Two major types of SVR have been described, ε-SVR26 and ν-SVR10, however we applied ν-SVR in CIBERSORT since the ν parameter conveniently imparts both an upper bound on training errors and a lower bound on support vectors10. Higher values of ν yield narrower ε-tubes and consequently, more support vectors10 (Supplementary Fig. 1). For CIBERSORT, ν-SVR is applied with a linear kernel to solve for f, and the best result from three values of ν = {0.25, 0.5, 0.75} is saved, where ‘best’ is defined as the lowest root mean squared error between m and the deconvolution result, f x B. Our current implementation of CIBERSORT executes ν-SVR using the ‘svm’ function in the R package, ‘e1071’. Regression coefficients are extracted with the following R command:
coef <- t(model$coefs) %*% model$SV
Negative SVR regression coefficients are subsequently set to zero (as done for LLSR), and the remaining regression coefficients are normalized to sum to 1, yielding a final vector of estimated cell type fractions, f (notably, f denotes relative, not absolute fractions of each cell type from B in m). To decrease running time and promote better overall performance, both B and m are each normalized to zero mean and unit variance prior to running CIBERSORT. As previously suggested for other linear deconvolution methods, CIBERSORT works best on expression values in non-log linear space20.

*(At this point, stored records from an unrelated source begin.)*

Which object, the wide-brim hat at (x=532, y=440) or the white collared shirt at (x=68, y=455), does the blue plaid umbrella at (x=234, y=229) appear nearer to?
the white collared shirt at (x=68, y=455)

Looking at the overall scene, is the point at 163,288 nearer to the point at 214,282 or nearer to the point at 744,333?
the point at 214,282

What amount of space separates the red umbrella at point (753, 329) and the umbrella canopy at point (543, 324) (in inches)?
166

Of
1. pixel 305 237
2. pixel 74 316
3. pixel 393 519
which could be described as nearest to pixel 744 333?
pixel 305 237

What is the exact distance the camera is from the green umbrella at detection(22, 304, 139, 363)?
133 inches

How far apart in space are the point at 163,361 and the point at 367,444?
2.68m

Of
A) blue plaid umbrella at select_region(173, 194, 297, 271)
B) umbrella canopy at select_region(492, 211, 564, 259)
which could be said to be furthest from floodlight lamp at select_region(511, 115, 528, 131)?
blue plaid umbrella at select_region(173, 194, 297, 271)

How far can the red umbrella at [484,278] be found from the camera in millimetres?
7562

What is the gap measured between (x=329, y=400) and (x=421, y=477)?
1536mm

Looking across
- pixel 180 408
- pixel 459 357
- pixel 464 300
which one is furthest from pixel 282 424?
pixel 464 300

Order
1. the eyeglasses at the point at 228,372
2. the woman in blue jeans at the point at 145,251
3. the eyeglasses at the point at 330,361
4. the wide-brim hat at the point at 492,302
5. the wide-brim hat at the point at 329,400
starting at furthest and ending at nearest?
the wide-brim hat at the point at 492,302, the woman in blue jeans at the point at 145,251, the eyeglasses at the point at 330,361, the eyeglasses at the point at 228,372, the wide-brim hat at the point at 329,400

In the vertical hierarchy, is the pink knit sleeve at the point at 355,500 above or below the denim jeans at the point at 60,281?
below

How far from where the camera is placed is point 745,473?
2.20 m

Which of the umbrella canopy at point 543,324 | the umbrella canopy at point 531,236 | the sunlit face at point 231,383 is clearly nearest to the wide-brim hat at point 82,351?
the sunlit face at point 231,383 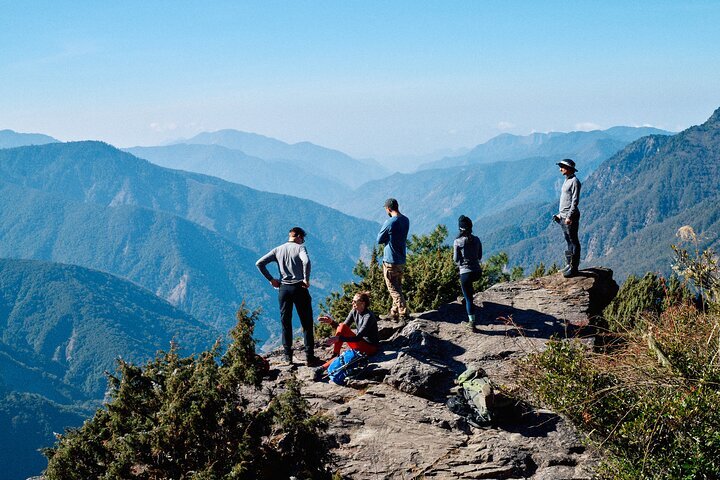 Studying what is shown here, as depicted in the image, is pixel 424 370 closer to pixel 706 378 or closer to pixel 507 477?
pixel 507 477

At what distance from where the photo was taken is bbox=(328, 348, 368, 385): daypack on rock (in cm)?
1029

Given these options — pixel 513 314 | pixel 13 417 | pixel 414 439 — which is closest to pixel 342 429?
pixel 414 439

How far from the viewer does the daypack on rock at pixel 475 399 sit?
28.4ft

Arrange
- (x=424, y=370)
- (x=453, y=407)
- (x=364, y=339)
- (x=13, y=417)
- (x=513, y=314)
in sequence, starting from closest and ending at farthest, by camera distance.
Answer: (x=453, y=407)
(x=424, y=370)
(x=364, y=339)
(x=513, y=314)
(x=13, y=417)

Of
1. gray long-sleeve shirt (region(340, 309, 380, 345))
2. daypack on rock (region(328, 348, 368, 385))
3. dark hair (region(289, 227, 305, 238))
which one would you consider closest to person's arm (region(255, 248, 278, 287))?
dark hair (region(289, 227, 305, 238))

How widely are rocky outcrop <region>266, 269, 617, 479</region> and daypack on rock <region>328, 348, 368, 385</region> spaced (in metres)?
0.18

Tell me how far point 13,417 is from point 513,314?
176 meters

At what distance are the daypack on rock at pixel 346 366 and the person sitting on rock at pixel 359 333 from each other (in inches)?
8.8

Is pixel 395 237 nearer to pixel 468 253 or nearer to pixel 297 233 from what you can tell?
pixel 468 253

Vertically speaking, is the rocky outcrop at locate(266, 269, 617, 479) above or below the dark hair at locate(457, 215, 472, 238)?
below

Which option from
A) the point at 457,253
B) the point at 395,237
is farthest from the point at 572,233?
the point at 395,237

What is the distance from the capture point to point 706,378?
5867 millimetres

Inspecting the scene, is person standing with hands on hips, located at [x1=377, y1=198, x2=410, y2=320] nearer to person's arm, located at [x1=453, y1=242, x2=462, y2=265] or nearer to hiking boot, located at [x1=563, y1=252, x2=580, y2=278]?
person's arm, located at [x1=453, y1=242, x2=462, y2=265]

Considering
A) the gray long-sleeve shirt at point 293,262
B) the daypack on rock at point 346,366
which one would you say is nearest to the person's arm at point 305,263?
the gray long-sleeve shirt at point 293,262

Taken together, linear ν-SVR as implemented by CIBERSORT, uniquely addresses key outstanding issues of gene expression deconvolution (see Supplementary Discussion), including (1) robustness to noise and overfitting owing to both a linear loss function22 and feature selection of genes from the signature matrix, and (2) tolerance to multicollinearity via utilization of the L2-norm penalty function25. Moreover, CIBERSORT does not require cell type-specific expression patterns for every gene, allowing the construction of signature matrices with more cell types and phenotypic states than other methods (Supplementary Fig. 8).
P-value estimation
In contrast to previous methods, CIBERSORT produces an empirical P value for the deconvolution using Monte Carlo sampling. This approach allows CIBERSORT to test the null hypothesis that no cell types in the signature matrix (e.g., LM22) are present in a given GEP mixture, m. For this purpose, we use the Pearson product-moment correlation R calculated between m and f x B as the test statistic, though other distance metrics could be used. In order to derive an empirical P value, CIBERSORT must first derive a null distribution R*. Because the signature matrix B will contain only a small subset of genes g compared to the whole transcriptome, g expression values are randomly drawn from the parent GEP of m to create a random mixture m*i, such that |m| = |m*i|. CIBERSORT is then run on m*i to produce a vector of estimated cellular fractions, f*i. CIBERSORT determines the correlation coefficient R*i between the random mixture m*i and the reconstituted mixture, f*i x B. This process is repeated for I iterations (=500 in this work) to produce R*.
Running time
Using three threads to simultaneously process three values of ν (0.25, 0.5, and 0.75), and a 2.3 GHz Intel Core i7 CPU with 8 GB RAM, we clocked CIBERSORT runtime with LM22 at approximately 1.7 sec per mixture sample after an empirical P value was calculated. The latter depends on the number of permutations selected, and for 100x, would take ~170 sec, or an additional 2.75 min.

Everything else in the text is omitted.